**EXERCISE DIRECTIONS:** Every line in the data below that includes "Gray" belongs in the answer, copied as it stands.

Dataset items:

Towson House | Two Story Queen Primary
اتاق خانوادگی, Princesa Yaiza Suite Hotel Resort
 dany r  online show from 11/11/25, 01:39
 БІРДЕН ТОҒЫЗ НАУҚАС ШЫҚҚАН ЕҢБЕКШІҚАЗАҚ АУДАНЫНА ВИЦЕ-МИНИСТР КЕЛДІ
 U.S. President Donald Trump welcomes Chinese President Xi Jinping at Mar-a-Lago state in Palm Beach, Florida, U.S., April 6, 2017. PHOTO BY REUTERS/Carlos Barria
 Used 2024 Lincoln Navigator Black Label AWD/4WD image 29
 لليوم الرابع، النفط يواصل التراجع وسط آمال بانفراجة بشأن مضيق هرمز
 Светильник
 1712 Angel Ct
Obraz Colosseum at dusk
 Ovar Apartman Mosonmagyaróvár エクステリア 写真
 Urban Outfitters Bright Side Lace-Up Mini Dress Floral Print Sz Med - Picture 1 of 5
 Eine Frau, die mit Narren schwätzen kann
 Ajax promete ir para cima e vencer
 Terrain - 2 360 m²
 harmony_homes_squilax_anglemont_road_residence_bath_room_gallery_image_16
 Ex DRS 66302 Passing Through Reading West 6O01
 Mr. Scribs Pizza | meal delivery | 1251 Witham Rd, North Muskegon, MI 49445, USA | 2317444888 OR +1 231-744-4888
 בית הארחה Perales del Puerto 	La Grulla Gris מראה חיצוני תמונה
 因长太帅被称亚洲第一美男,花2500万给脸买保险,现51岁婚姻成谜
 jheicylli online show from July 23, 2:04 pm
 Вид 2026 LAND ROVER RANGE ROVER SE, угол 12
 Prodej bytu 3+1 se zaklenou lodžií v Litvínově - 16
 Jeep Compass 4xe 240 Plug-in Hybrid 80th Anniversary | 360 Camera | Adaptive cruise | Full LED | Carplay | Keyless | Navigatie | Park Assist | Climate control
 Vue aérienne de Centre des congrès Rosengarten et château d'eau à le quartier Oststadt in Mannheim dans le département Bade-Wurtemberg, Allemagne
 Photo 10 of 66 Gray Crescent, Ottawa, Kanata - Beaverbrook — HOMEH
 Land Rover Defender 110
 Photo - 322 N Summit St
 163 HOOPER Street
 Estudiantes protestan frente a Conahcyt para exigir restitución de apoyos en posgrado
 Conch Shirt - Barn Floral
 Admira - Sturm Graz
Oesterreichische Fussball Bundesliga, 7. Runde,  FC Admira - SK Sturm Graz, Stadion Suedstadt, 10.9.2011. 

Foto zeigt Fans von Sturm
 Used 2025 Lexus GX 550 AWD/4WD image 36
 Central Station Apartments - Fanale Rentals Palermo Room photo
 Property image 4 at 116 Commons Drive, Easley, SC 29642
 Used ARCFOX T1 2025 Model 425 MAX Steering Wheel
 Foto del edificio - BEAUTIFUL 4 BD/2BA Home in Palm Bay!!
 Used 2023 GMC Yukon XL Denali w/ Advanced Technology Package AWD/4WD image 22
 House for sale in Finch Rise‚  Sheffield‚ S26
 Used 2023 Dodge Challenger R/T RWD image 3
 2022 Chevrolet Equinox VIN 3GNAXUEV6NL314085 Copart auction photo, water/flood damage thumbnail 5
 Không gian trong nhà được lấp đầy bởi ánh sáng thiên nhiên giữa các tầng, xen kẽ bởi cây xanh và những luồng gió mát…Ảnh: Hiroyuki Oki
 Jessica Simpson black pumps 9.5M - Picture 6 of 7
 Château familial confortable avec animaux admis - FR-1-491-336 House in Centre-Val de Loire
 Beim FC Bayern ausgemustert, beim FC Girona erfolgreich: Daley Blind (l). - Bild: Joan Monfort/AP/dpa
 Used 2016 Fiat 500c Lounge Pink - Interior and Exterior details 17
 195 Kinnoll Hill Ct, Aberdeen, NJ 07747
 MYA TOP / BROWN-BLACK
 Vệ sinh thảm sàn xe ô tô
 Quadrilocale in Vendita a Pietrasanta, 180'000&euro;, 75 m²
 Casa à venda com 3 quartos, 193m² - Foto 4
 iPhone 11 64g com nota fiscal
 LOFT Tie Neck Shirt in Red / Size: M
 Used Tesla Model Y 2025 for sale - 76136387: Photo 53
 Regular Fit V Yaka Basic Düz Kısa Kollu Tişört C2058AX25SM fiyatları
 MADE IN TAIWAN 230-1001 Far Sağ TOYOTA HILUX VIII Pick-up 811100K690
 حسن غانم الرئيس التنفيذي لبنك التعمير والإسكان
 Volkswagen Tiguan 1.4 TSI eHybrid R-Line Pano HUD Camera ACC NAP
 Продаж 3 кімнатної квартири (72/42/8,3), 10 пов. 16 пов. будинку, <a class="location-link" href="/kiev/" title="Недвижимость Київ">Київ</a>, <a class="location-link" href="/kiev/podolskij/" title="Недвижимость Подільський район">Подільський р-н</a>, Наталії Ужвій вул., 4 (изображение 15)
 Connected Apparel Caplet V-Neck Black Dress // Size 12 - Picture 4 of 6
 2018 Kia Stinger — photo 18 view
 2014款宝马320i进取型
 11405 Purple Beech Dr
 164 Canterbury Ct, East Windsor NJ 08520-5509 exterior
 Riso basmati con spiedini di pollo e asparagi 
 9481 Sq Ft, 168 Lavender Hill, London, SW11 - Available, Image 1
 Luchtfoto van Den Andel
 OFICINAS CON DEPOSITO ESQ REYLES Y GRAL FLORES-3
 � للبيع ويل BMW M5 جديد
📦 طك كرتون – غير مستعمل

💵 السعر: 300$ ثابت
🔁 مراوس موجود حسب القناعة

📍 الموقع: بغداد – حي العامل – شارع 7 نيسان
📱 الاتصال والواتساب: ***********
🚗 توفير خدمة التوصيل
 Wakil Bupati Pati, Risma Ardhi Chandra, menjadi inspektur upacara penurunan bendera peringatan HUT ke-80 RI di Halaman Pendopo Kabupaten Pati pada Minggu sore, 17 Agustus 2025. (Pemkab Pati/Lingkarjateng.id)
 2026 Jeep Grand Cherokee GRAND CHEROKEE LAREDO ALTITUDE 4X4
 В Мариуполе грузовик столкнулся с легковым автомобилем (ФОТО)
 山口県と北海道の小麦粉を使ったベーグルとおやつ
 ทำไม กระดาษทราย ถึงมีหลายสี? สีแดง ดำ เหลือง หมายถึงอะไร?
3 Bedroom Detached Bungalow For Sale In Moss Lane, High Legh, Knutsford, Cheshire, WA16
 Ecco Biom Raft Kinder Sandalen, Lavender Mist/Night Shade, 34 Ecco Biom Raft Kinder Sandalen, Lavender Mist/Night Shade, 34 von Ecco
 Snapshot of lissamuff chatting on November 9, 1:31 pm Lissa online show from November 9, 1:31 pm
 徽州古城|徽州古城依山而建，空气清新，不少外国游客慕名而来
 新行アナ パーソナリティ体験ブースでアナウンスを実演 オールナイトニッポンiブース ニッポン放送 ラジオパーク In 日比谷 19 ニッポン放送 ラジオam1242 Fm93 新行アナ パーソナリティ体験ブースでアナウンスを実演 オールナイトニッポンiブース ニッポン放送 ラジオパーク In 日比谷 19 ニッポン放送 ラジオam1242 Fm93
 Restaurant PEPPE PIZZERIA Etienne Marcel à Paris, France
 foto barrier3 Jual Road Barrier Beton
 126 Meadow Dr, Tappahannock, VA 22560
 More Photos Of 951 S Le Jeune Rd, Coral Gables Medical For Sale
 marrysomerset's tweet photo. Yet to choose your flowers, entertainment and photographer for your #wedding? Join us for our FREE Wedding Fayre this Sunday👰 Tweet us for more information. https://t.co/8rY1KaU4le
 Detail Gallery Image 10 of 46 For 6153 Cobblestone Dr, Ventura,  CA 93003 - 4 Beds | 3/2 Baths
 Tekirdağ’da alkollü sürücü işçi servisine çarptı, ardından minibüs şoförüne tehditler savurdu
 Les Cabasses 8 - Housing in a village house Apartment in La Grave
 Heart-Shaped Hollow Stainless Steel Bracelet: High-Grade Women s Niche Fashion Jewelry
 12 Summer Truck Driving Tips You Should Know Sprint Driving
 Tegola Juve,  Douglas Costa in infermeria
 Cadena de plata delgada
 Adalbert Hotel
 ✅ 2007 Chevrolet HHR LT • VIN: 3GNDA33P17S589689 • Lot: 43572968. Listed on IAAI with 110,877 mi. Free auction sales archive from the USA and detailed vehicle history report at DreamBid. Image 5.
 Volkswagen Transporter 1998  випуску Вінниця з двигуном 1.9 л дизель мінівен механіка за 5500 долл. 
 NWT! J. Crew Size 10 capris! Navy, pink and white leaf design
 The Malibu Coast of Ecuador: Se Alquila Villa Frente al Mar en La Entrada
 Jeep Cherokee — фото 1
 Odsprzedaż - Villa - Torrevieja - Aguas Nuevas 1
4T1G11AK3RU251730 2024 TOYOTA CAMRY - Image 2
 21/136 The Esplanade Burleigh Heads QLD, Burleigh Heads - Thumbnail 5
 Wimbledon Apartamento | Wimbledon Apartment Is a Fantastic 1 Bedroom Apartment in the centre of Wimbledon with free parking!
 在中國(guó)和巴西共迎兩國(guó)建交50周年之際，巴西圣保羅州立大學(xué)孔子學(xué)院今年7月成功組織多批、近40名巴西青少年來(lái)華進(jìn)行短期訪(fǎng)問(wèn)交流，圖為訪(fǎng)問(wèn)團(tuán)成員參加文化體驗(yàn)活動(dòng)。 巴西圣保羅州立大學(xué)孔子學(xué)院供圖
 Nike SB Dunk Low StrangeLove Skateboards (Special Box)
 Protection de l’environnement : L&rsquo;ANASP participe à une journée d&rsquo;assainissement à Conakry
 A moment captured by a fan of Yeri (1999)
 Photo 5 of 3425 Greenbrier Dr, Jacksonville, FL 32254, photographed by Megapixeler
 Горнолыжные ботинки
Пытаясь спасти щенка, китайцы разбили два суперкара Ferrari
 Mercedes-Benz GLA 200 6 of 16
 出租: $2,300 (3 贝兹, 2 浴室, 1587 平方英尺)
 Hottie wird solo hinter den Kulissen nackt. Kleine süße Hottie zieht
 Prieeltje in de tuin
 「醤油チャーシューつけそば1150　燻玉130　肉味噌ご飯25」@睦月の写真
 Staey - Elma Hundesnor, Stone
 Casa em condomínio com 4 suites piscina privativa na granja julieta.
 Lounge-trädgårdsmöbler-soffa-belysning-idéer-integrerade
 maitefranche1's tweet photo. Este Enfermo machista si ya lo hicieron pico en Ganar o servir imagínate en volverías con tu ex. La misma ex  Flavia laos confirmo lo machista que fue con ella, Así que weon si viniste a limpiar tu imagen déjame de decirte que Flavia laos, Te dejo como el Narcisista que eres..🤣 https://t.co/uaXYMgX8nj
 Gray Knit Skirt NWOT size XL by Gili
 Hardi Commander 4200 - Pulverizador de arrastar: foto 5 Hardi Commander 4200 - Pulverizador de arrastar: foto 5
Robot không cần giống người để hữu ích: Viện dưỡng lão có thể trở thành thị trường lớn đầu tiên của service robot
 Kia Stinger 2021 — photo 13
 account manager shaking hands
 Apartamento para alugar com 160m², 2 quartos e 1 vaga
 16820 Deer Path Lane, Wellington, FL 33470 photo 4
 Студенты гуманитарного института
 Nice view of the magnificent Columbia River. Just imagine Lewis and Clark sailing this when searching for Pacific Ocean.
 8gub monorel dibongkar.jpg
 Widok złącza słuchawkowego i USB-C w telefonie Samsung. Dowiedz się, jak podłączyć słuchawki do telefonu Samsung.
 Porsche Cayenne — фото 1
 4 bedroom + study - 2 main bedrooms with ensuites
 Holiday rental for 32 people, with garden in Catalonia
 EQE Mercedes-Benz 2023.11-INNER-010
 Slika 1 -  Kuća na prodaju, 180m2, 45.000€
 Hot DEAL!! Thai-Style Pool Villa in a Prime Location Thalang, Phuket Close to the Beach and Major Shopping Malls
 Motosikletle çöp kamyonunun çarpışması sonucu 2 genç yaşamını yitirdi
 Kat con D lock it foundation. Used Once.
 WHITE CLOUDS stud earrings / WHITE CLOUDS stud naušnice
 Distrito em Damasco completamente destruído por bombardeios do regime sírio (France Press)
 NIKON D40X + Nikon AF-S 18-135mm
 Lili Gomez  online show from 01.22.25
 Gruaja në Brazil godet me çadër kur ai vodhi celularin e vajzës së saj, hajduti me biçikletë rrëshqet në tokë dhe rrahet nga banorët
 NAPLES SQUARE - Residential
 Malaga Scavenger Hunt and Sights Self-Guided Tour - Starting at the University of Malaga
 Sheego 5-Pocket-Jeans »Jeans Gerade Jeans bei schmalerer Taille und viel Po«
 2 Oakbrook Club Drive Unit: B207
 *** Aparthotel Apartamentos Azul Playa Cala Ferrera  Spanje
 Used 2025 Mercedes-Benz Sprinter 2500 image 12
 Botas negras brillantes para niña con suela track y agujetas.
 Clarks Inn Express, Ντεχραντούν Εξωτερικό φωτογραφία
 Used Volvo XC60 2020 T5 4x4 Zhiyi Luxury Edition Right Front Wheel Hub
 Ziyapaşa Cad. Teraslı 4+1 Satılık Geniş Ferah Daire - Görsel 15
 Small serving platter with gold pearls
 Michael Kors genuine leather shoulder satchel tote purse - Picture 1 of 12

**ANSWER TO THIS PROBLEM:**
 Photo 10 of 66 Gray Crescent, Ottawa, Kanata - Beaverbrook — HOMEH
 Gray Knit Skirt NWOT size XL by Gili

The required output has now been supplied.